United States v. Pasciuti

MEMORANDUM ORDER

FUSTE, District Judge, Sitting by Designation.

This case is a multi-count criminal prosecution against eighteen individuals, for a continuing criminal enterprise and drug conspiracy. Several firearms violations are also charged. The indictment mentions that defendants, some of which allegedly belong to the Hells Angels Motorcycle Club, influenced other motorcycle groups and together distributed large quantities of methamphetamine, marijuana, tetrahydro-cannabinol (THC), and mescaline, Schedule I or II controlled substances, in New Hampshire and other places. The government claims that the drug business generated substantial profits laundered through legitimate businesses and that drugs were supplied as a reward to loyal conspirators and denied to those failing to perform as expected. The indictment mentions the use of threats, intimidation, beatings, and other forms of violence in defense of and to protect the drug business, the thwarting of investigative efforts by law enforcement, the threatening of witnesses and jurors, and the possession of weapons to accomplish the above.

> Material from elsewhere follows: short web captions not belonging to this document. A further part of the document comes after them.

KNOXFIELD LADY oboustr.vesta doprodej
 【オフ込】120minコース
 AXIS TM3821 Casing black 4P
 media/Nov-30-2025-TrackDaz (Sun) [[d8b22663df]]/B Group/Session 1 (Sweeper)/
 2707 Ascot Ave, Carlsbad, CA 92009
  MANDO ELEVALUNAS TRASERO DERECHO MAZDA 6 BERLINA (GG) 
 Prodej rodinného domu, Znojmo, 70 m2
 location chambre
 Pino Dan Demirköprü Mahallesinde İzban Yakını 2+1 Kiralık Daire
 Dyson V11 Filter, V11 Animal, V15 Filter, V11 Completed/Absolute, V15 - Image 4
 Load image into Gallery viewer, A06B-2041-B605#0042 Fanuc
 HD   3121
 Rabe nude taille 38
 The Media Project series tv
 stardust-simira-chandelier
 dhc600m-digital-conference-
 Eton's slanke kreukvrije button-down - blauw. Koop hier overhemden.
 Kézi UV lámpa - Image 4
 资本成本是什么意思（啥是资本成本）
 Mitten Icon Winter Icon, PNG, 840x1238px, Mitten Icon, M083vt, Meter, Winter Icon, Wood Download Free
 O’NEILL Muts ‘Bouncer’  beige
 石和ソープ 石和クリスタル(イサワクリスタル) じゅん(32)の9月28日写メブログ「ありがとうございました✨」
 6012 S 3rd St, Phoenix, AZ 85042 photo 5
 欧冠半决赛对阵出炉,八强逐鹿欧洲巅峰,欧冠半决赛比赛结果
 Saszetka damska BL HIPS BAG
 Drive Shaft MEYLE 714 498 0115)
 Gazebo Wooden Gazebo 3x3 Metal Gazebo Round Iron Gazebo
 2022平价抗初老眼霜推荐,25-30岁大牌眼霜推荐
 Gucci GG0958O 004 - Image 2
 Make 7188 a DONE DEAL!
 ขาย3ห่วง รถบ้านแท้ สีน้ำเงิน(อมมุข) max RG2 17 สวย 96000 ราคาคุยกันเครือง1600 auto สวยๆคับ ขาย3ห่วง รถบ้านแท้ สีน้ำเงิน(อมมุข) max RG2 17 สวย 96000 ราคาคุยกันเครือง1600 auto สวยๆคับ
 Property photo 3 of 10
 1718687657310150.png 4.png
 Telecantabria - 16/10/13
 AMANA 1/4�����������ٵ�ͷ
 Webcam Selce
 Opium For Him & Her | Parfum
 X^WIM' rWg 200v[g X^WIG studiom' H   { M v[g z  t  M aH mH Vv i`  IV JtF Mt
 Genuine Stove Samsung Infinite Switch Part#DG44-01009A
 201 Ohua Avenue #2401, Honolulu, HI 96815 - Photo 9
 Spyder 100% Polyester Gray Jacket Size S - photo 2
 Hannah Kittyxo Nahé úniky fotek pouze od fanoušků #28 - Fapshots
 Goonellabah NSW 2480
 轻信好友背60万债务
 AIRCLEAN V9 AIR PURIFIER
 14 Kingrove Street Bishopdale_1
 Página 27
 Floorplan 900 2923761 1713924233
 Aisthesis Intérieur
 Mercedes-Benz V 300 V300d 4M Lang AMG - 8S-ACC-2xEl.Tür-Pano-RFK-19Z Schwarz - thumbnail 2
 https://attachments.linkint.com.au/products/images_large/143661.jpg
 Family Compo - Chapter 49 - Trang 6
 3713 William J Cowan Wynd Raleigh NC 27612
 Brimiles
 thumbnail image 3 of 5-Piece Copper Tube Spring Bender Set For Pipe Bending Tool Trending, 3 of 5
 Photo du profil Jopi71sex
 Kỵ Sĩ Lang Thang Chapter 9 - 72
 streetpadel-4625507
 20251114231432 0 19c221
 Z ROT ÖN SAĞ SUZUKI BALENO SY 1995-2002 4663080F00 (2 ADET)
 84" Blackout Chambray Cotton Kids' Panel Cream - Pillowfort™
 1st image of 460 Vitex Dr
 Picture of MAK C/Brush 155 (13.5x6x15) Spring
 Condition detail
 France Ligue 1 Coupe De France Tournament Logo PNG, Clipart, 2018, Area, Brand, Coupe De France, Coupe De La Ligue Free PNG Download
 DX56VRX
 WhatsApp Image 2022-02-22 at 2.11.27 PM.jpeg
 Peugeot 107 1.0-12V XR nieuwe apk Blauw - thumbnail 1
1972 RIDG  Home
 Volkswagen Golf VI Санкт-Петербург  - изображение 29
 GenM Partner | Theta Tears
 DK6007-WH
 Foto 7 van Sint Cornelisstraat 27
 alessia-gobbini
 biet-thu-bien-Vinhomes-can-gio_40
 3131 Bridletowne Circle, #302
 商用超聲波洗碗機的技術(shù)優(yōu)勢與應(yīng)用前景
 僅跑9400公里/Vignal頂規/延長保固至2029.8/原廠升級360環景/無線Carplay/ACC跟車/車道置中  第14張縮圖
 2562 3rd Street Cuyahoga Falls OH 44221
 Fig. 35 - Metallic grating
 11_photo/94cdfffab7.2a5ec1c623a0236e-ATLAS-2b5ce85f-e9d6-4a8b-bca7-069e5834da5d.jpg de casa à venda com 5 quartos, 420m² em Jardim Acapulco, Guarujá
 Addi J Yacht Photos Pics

We have before us defendant’s motion to suppress, Docket Document No. 350, and the government’s objection, Docket Document No. 397. As alleged in defendant's motion, on August 3,1989, John R. Pasciuti was stopped in Glen, New York, by the New York State Police and was given traffic tickets for violation of New York traffic laws. Specifically, the state trooper issued traffic violations for operating the pickup truck with a cracked windshield and for the operator failing to wear a seat belt. See traffic tickets (Simplified Traffic Information) Nos. TJ2381492 and TJ2381481, for the seat belt and broken windshield, respectively, Exhibits 2 and 3 to Docket Document No. 397. The pickup truck belonged to codefendant Charles Pasciuti. After the stop for traffic violations,1 and after securing John Pasciuti’s consent,2 a search of *375the pickup truck was conducted. Drugs and guns were found.3

Defendant now alleges that the consensual search was illegal because the same was conducted after a pretextual stop; that the search went beyond any consent given, and that the defendant has standing to assert his Fourth Amendment rights.

The court has looked into the matter and now denies the motion to suppress. We also decide that defendant need not be afforded a hearing as requested..

I.

The Issue of Standing

The defendant claims that the fact that the vehicle belonged to his brother, Charles Pasciuti, should not operate as a bar to his legal standing to challenge the fruits of the search. In his affidavit, he claims' that he operated the vehicle with permission from the owner. Accompanying him on motorcycles for the trip to South Dakota were other individuals, including Charles Pasciu-ti. He asserts that at the hearing on his motion, he will prove that he exercised dominion and control over the property searched and that the totality of circumstances grants him an expectation of privacy under the facts of the case. United States v. Sanchez, 943 F.2d 110, 113 (1st Cir.1991).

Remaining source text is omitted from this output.